# ACTIVITY:
Please repeat the listing below exactly, but do not include its pictures.

# RECORDED INFORMATION:
-=-=-

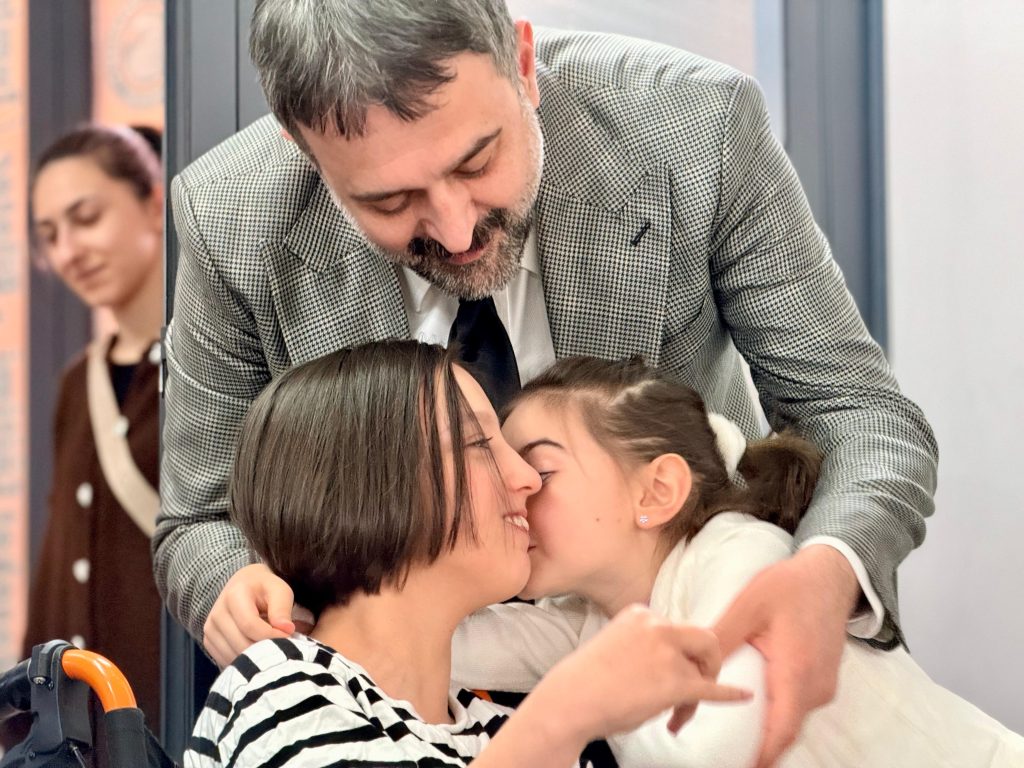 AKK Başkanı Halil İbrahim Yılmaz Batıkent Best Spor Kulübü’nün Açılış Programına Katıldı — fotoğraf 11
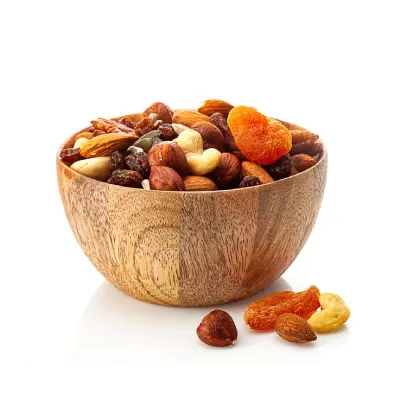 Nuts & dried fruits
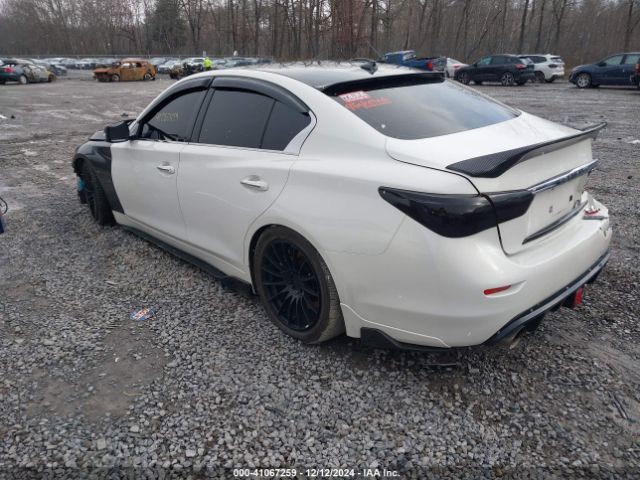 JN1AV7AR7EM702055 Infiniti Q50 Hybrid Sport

-=-=-

# TASK ANSWER:
 AKK Başkanı Halil İbrahim Yılmaz Batıkent Best Spor Kulübü’nün Açılış Programına Katıldı — fotoğraf 11
 Nuts & dried fruits
 JN1AV7AR7EM702055 Infiniti Q50 Hybrid Sport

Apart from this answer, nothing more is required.